魔動コアの『ランク』
「――というわけで、クリスティーナさんがワンパンで倒したんです」
「突然すごい風が吹いたと思ったら、君だったのかクリスティーナ」
「ぐすん……えっちなことされた、お嫁にいけない……」
水浴びを終えたメンバーは、神造土偶を倒した現場に集まっていた。
今はもちろん服を着ているので恥ずかしがったりしてはいないのだが――
クリスティーナだけは、涙目のままだった。
「ま、まぁまぁクリスティーナさん、おっぱい触られたといっても、相手はモンスター、それも意思のない土偶なんですから、そんなに気になさらなくても」
「ぐすん、穢された……こんなこと初めてなのに……」
「ほ、ほら、名誉を得ないといけないんでしょ? こんなことすぐに忘れましょうっ!」
「名誉っ! うんそうだね、もう忘れた!!」
バカみたいに前向きなのが、クリスティーナという少女なのである。
リリィはほっとしつつ、ジーノの背中に声をかけた。
「それとジーノさんも、もうちょっとこっちに興味持ってくださいね!?」
「うおおおおあったぞ魔動コアぁぁぁぁ!!!」
そしてこちらの素材バカは、最初に一言だけ声をかけたあと、猛然と素材にダッシュしていたのである。
「それにしても……めっちゃくちゃ巨大ですね……」
リリィはジーノが立つ、その足元を見る。
そこには巨大な神造土偶――通称ゴーレムが横たわっていた。
多くの木々を薙ぎ倒して倒れた体は、塗り固められた土でできていた。
「神造系モンスターは、その名にあるとおり、神が造ったなんて言われているからな、巨大なんだよ。コイツは土偶級だから、これでも小さいほうさ」
そこらの木よりも倍近くはある巨体に、固く塗り固められた土の体。
厚みも相当なもので、一番分厚い胸の辺りは、横たわっているというのに、リリィの背丈では到底届かず、肩車でもしてもらえないと、登ることすら難しそうな大きさだった。
「神さまってすごいんですね~……」
「それに間違われちゃうご主人さまも、すごいけどねっ、エッヘン!」
「ゴーレムを素手で倒しちゃうほうがすごい気もしますです……」
元気になったクリスティーナは、ツンとした胸を張って鼻高々だ。
土偶の胸の辺りから素材を採ったジーノは、リリィたちの元へ飛んで戻る。
「ふわぁ、これが魔動コア……赤色で、すごくキレイですっ」
「宝石みたいだね~。
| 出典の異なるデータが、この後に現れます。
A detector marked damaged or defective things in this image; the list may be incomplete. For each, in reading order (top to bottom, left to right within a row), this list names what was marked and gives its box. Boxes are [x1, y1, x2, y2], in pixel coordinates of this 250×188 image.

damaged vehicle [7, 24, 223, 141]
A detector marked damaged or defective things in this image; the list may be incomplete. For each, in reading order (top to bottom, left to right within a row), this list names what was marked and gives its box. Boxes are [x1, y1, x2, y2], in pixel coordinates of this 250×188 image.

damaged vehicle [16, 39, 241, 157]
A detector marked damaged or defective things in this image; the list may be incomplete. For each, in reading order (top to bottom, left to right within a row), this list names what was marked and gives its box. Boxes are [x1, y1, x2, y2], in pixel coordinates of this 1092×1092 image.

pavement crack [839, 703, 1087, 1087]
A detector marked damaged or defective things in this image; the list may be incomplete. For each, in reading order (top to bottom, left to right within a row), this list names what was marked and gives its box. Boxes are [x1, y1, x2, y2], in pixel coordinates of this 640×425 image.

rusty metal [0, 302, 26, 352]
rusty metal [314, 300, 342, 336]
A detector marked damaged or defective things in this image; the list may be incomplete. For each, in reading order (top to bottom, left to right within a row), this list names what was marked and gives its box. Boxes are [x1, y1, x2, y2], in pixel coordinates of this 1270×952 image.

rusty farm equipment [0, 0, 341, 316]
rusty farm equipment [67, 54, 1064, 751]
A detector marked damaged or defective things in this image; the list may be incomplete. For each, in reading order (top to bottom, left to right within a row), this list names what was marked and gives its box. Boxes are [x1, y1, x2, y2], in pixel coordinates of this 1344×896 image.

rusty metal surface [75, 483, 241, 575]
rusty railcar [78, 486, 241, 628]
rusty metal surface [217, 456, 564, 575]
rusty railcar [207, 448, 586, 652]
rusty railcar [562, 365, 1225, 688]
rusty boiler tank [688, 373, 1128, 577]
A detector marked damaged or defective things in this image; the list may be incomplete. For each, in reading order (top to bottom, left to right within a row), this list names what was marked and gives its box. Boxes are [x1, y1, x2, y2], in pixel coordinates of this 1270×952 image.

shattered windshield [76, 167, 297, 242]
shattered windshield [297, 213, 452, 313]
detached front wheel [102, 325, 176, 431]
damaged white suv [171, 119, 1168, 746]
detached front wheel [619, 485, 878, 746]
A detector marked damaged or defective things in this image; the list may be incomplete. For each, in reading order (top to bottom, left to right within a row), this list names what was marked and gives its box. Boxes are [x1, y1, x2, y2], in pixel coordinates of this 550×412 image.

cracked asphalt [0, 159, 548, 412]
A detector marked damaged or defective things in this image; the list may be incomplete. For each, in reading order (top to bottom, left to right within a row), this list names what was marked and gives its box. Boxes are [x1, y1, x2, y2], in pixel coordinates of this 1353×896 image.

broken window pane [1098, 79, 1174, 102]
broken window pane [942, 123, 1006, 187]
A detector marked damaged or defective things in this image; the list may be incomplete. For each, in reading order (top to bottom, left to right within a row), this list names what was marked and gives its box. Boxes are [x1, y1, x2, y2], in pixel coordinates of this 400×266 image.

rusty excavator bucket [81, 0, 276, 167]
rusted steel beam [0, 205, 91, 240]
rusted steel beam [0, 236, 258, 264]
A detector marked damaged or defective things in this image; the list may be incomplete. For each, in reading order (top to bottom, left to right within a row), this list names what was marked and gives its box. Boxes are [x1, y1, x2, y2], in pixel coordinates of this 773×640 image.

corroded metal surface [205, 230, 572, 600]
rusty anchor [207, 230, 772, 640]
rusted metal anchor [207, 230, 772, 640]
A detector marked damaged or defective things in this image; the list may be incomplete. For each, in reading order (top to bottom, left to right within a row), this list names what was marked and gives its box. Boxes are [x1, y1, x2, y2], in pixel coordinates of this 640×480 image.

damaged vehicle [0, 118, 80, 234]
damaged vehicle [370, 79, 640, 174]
私はそういうの興味ないけど……けけけ、結婚式のときとかにこういうのプレゼントされたら、えっちだねっ!」
取り出した魔動コアは、石のような材質で、赤く輝いていた。
あの巨大な体を動かすだけあって、拳よりも大きく、細長い形をしていた。
「ゴーレムには人形級や土偶級、兵士級に王級といるが――土偶は下から二番目のタイプだから、サイズもこの程度だな」
「こ、これより大きなサイズもいるんですかっ」
リリィは驚く。
ジーノは素材のことだからか、少し声色をうわずらせて解説を続ける。
「まだまだいるぞ、俺だって見たことないが、城級に要塞級なんてのもある。数千年に一度目覚めるとかそういうレベルだ、ぜひ会って素材をいただきたいものだよな」
「ぜ、絶対会いたくないです……」
「そいつ倒したら名誉すごそうだねっ!」と、クリスティーナもはしゃぐ。
ただ一人の常識人リリィだけは、断固拒否するのだった。
「とりあえず、これでついでのほうの目的は果たせたな」
「あとは、F級の洞窟スライム退治だけだね!」
「リリィ、忘れ物はないか? 風でいろいろ飛ばされてたからな」
「はい、大丈夫ですっ。……ちゃんと私の『宝』も、この中にしまってますっ」
リリィは肩掛け鞄に手を触れる。
飛ばされたものはなにもなさそうだ。
「よーし、それじゃあF級の洞窟スライム退治、がんばろう、オーっ!」
「だな、油断するなよ二人とも」
「う、うーん……扱いが逆転してますです……」
気勢を上げるクリスティーナとジーノ。
残る依頼は最低ランクのF級だけ。
メインとオードブルが逆な気がしてならないリリィなのであった。